### [PROVIDED RECORDS]

··········

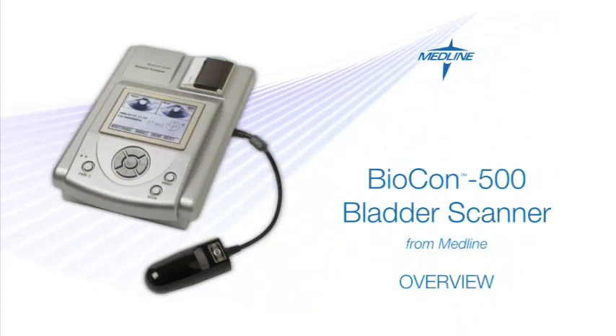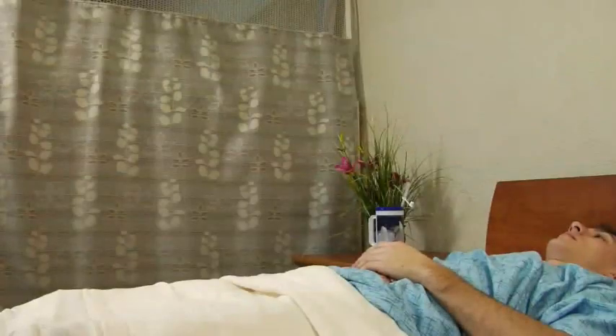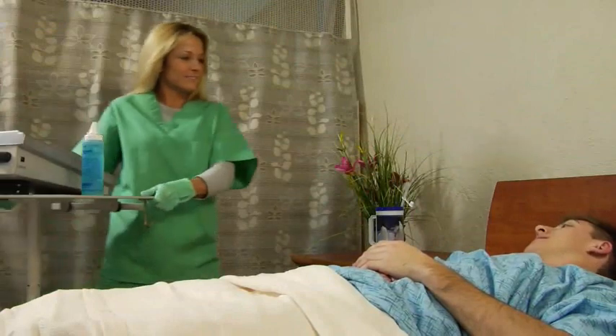There's no easier way to measure bladder volume than with the Biocon 500 bladder scanner from Medline. The Biocon 500 is a quick, safe, and non-invasive way to measure bladder volume and post-void urinary retention. Unlike some forms of traditional ultrasound, the Biocon 500 requires little training.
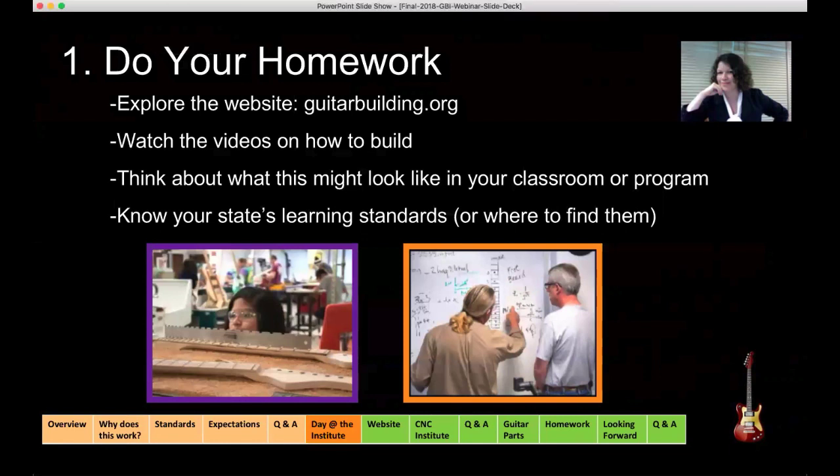Our activities are aligned to Common Core and the Next Generation Science Standards — just knowing where to find your state standards is also good enough. We found it really helps to kind of set a goal. There's a wide variety of ways to implement. Not everybody has a wood shop to have a group of 20 kids build a guitar.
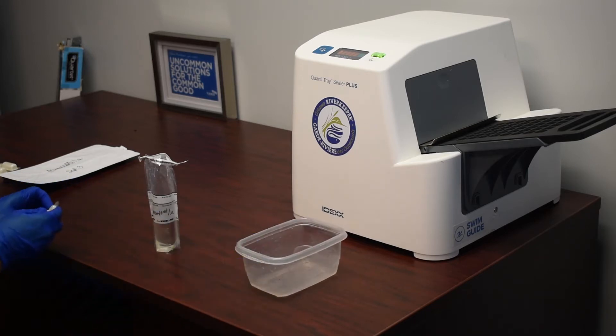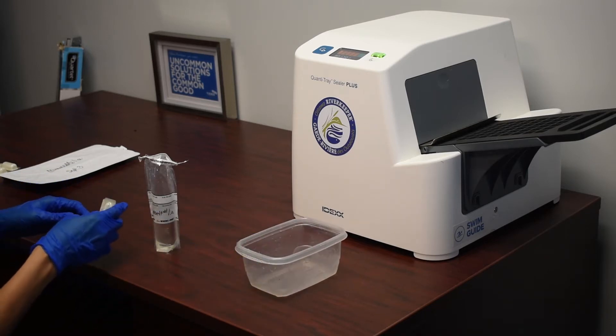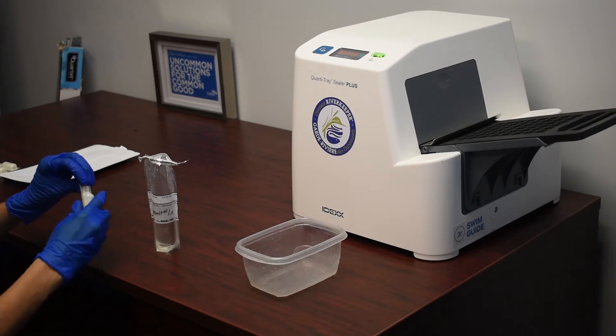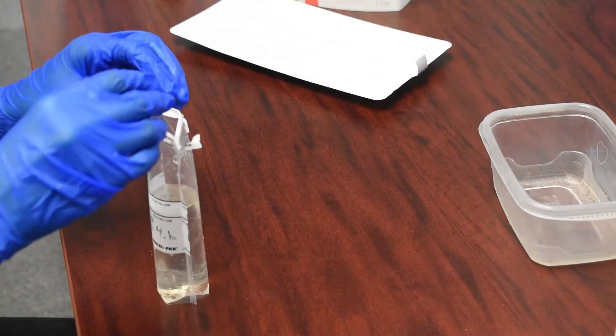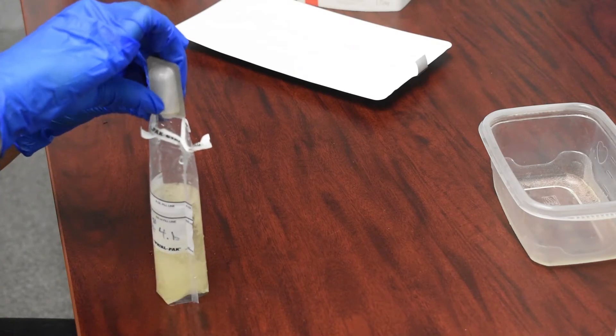Once we have 100 milliliters in the Whirlpack bag, we can then add the ColAlert reagent. We just pop it open and pour it into the Whirlpack.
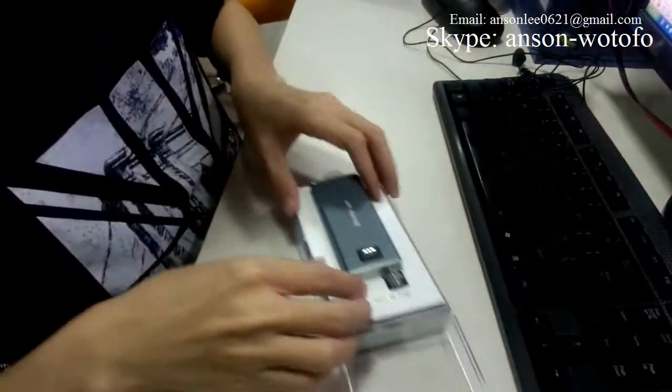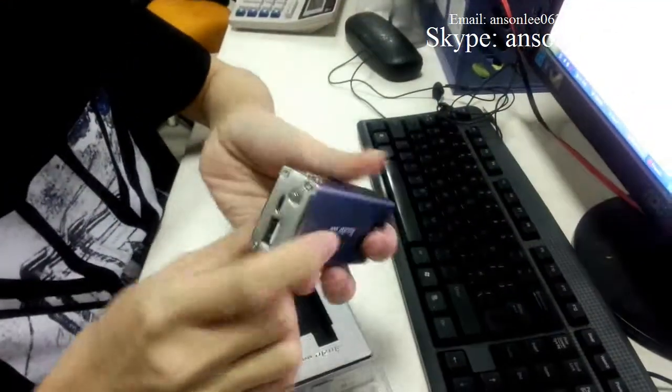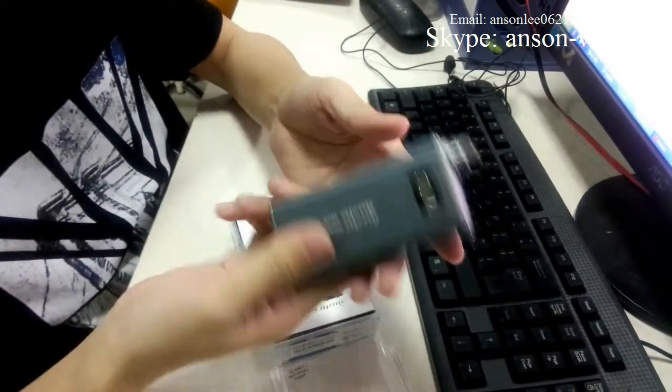And now we open it. It is the iTaste MVP body. It is used like the power bank — you can use it for your cell phone, MP3.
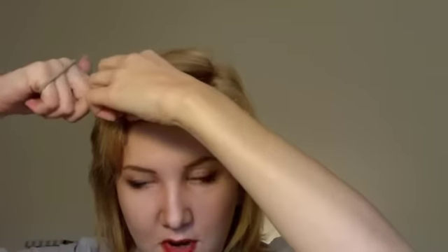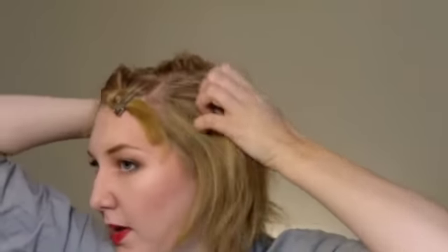To get started, you basically just want to section off your hair. Part off maybe a two-by-four-inch section of hair and set it aside — you can even use a little clip to make it easier. Then take the rest of your hair back into a ponytail.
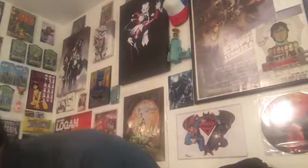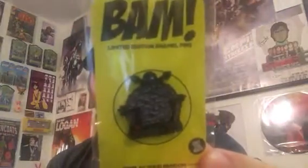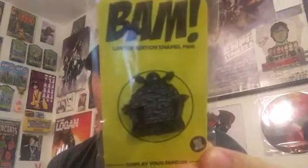I think I was wrong — there's no patch, but there are actually three pins. So we have three limited edition Turtles pins. We got the Metro Dome — whatever the hell it was called, I forgot what it was called back then.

··········

When you reach the line containing "Once we have" in the entries above, begin restating word for word, and stop once the line containing "To get started, you" has been given. Omit the pictures.

Once we have 100 milliliters in the Whirlpack bag, we can then add the ColAlert reagent. We just pop it open and pour it into the Whirlpack.
And now we open it. It is the iTaste MVP body. It is used like the power bank — you can use it for your cell phone, MP3.
To get started, you basically just want to section off your hair. Part off maybe a two-by-four-inch section of hair and set it aside — you can even use a little clip to make it easier. Then take the rest of your hair back into a ponytail.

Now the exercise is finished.